[Given data]
++++++++++

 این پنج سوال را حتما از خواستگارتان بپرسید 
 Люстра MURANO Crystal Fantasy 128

++++++++++

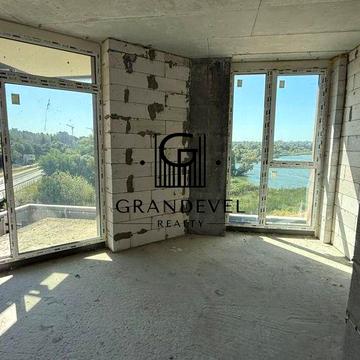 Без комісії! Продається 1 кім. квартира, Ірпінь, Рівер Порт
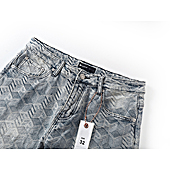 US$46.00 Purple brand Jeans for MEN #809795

++++++++++

[Your instructions] Quote the lines above exactly, starting with the one that has "Без комісії! Продається" and ending with the one that has "US$46.00 Purple brand Jeans for MEN #809795"; drop the pictures and include nothing else.

[Written response]
 Без комісії! Продається 1 кім. квартира, Ірпінь, Рівер Порт
 US$46.00 Purple brand Jeans for MEN #809795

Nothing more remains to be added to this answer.